Not to be confused with Unix, Unix-like, or Linux.
POSIX (pron.: /ˈpɒzɪks/ poz-iks), an acronym for "Portable Operating System Interface", is a family of standards specified by the IEEE for maintaining compatibility between operating systems...
why do you do this ? Windows is my desktop enviroment where i run my tools, but all my webdev lives on virtual machines that run Ubuntu. So much easier.. even on OSX i do it this way, and it works beautifully and my desktop OS doesnt matter at all.
"it's just all boringly functional and uneventful these days."
As it should be—they've had time to work on the issues and should be competitive by now.
OSX, meanwhile, is still Unix under the hood. I'm frankly stunned that someone coming from a straight FreeBSD background wouldn't value that highly. But your experiences with hardware, while I'm sure legitimate, do not mirror my own. I've owned two MacBook Pros (starting with the first Unibody model) for the last 6 years and both have been rock solid daily drivers, and "functional and uneventful," but also very nice to use—not really boring.
To each their own, is the moral of all these stories. If Windows is gaining stability and OSX continues to be high quality, it just gives everyone more options and lowers the barrier-to-entry of computing.
Twenty years ago you had to invest in your desktop and build it yourself, and laptops were rare. Ten years ago only nerds knew how to maintain Windows. Now you carry an always-connected computer in your pocket and a 4.9 pound supercomputer on your back. No part of this is bad.
As it should be—they've had time to work on the issues and should be competitive by now.
Yes this is it. But I wasn't getting that with OSX. In '06, it was pretty good compared to say Windows XP but since '08 it's been declining rapidly into whack-a-mole problems.
OSX is a bastardised version of UNIX under the hood which is "even worse than HP-UX when you haven't paid for the compilers" to deal with I found.
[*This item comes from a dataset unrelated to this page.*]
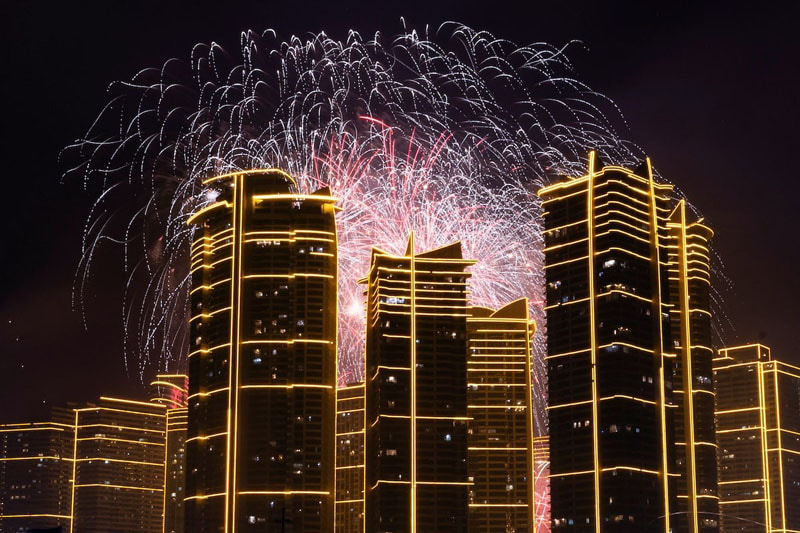 Fireworks over Rockwell Center during the New Year celebration in Mandaluyong City, Metro Manila, Philippines; Photo source: REUTERS; Photographer's name: Eloisa Lopez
Getting a reliable toolchain up that worked properly was a PITA.
Putting the GNU tools on is pretty easy with Homebrew or MacPorts, though. Getting those is first thing I do when I set up a new Mac: grab Xcode, install the command line tools, get Homebrew, brew install coreutils, findutils, and gnu-sed.
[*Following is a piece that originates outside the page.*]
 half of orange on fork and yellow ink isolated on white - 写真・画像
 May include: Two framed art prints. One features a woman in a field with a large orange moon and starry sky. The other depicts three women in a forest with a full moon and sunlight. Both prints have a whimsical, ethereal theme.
I keep hearing that. Fortunately I haven't experienced it. When I used Windows 7 and wanted to open a program, I tapped "Windows" and started typing the app name. That still works in 8.
My only complaint is a "go back" problem, where opening something like a media file from the desktop opens a Metro/Modern app, and closing the app takes you to the Start Screen rather than back to your desktop. Otherwise, I spend my time on the dual screen desktop mode, using my programs, just like I did in 7. Only now with improved dual monitor support.
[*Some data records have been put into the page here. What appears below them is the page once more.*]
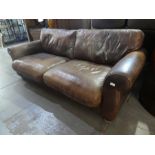 A modern brown leather settee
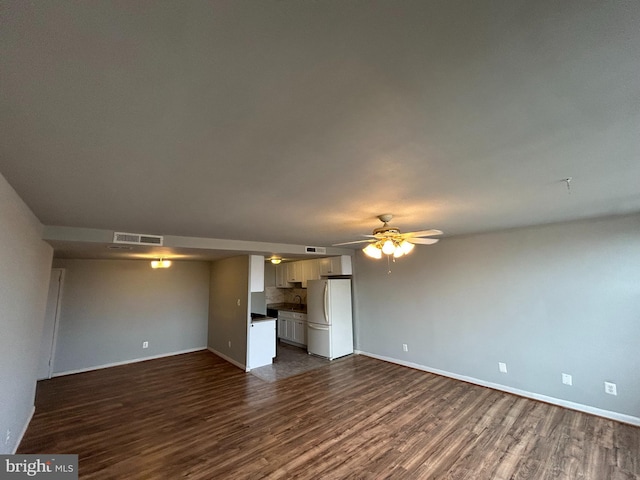 unfurnished living room featuring ceiling fan and dark hardwood / wood-style flooring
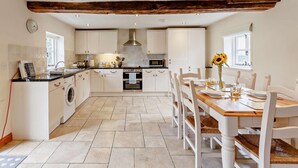 A kitchen with white cabinets, a wooden beam ceiling, a dining table with chairs, and a washing machine. - 3 Bed in Church Stretton (oc-76621) (Rushbury)
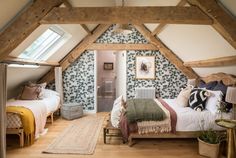 an attic bedroom with two beds and a rug on the floor in front of it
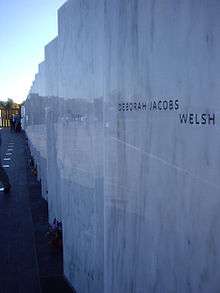 a marble wall with names inscribed on it.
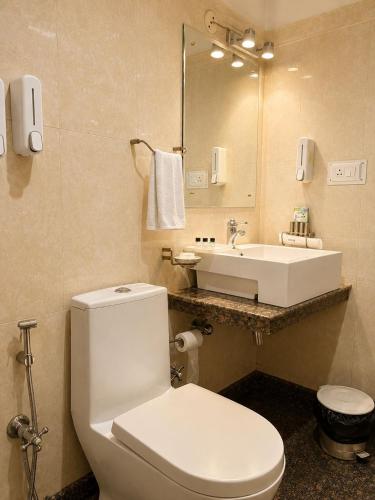 a bathroom with a white toilet and a sink at May Fair in Mandi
Yes I know. I've tried Windows 8 and I don't like it, but thanks to the culture of support and choice, I'm not all that bothered as Windows 7 is good and supported for another 7 years (until 2020). Something (Windows Blue?) may come along and change things by then. I'll deal with it when I get there.
I'm on a 2007 built Lenovo T61 which I can actually see lasting until 2020 as well the way it's going.
I recently switched back from Mac to Windows. I was using Windows 7 on my work computer, and I found myself being more productive and enjoying it more than my home Mac.
Windows 7 really is quite good, and I don't much care for the directions Mac OS X is heading.
I just want to add, that once you want packages and such, for a tool chain,
you'll at least discover some problems, as there is a package anarchy out there
compared to GNU/Linux!
But http://macports.org has a solid repository of packages.
When it comes to "private packages" packages I have found outside repos, I do install
them as "account installs", that is ~/opt/bin, ~/opt/man/man1 .. and so on, so it is
easier to upgrade the OS, and less conflicts with the different packet managers.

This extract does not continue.